Thame Abbey then consisting of an abbot and twelve monks was surrendered to the king in 1539, and town tradesmen may have suffered some temporary loss, for Bishop Longland had recently complained of the elaborate feasts at taverns indulged in by the young monks and of the reckless extravagance of Abbot Warren; (fn. 76) but in the long run the material gain to the town was great. The abbey's lands went to Sir John Williams who also acquired the bishop's lands. (fn. 77) To this moderate and humane man the town perhaps owed during the religious changes of the Reformation period more than appears on the surface. One obvious benefit was the grammar school, founded one must suppose in response to local desire. (fn. 78) Another was the refoundation of the almshouses. (fn. 79).
Evidence for the arrangement of the market place is fuller in this century. The market or moot hall is first recorded in 1509. It had shops underneath it, four of which were leased by Geoffrey Dormer for 20s. from the Bishop of Lincoln; and a clock is mentioned in 1543. (fn. 80) As one would expect, special parts of the market were devoted to the sale of particular wares. Cock Row, the Drapery, and Sheep Row are recorded in 1509; the Butter Market, the Cornmarket, and the Hog Fair, although not recorded until the 17th century, were no doubt in existence. (fn. 81) The market cross stood between the moot hall and the head of Middle Row, with the Drapery 16 ft. to the north. (fn. 82) To the south of the cross was the common well: both were recorded in the 15th century. (fn. 83)

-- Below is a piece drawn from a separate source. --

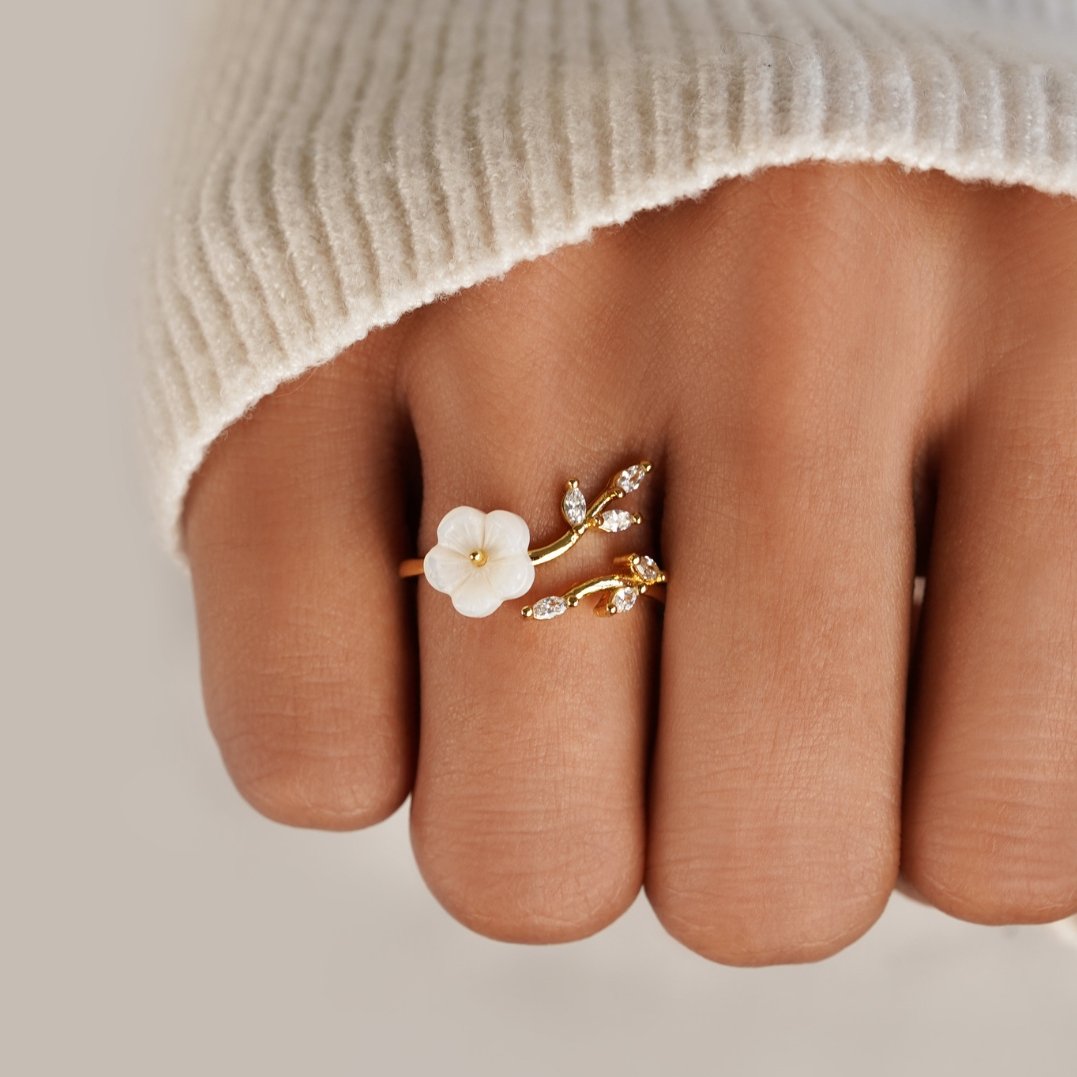 Bague Élégante avec Fleur Blanche Épanouie - Parfaite pour Toutes les Occasions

The market brought large numbers into Thame from outside and inns and victuallers must have thriven. One of the innkeepers, John Benett, appears to have been one of the richest men in the community in the first half of the century. (fn. 84) For several generations his family had been a leading one in the town, and like so many Thame people their wealth may have been partly based on their farms: the John Benett who was arrested for debt and pardoned in 1456 was described as a yeoman. (fn. 85) In 1587 there were 20 victuallers in the town, amongst them the Stribblehills, one of the leading families in the town, and the owners of the 'Swan'. (fn. 86)
References to the Michaelmas fair at Thame occur in 1577, when the inhabitants of Aylesbury, where plague had broken out, were forbidden to go to it, and in 1592, when the fair was postponed on account of the queen's visit to Rycote and the fear that London merchants would bring the plague to the Thame neighbourhood. (fn. 87) The growing importance of the cattle-market in this century may be assumed from our knowledge of the increase in pasture farming that took place in the surrounding district during the century. (fn. 88) Its importance in the next century is vouched for by a letter written from Henley in 1644 by Sir James Harrington. (fn. 89) He commented on a proposal of the king to fortify Shirburn saying that this would 'cut off all our provisions from Thame which is our best market for cattle'. It is clear from this letter that Thame market continued during the war despite the fact that the town lay in a disputed area. Anthony Wood, who witnessed many skirmishes in the streets, wrote 'you cannot imagine what disturbances they [the people of Thame] suffered by the soldiers of both parties, sometimes by the Parliament's soldiers of Aylesbury, sometimes by the King's from Boarstall House and at Oxford and at Wallingford Castle'. (fn. 90)
The woollen-draper, the linen-draper, and the mercer are among the most influential tradesmen in this century, and the next. (fn. 91) There is no evidence, however, to suggest that there was anything approaching a clothmaking industry in Thame: the wool seems mostly to have been sold to be made up elsewhere. In 1606 when Lord Norreys obtained a confirmatory grant of the Tuesday market it was called a wool-market. The date fits in well with the conversion of much land in the neighbourhood to sheep farming. (fn. 92) A variety of crafts are also recorded in this period, furrier, capper, armourer, gunsmith, fletcher, cordwainer, and chandler, (fn. 93) but as far as one can tell from the fragmentary evidence there seems to have been no specialization in any particular craft. The milliner and the apothecary are first recorded about this time and the brickmaker also. (fn. 94) In the 1640's if not earlier it was obligatory to have brick or stone chimneys: a man was presented at the view in 1648 for not pulling down an old chimney in his house and having a new brick or stone one made according to the order of the court. (fn. 95) The industry developed and ultimately gave its name to Brickkiln Lane (the modern Park Street). (fn. 96)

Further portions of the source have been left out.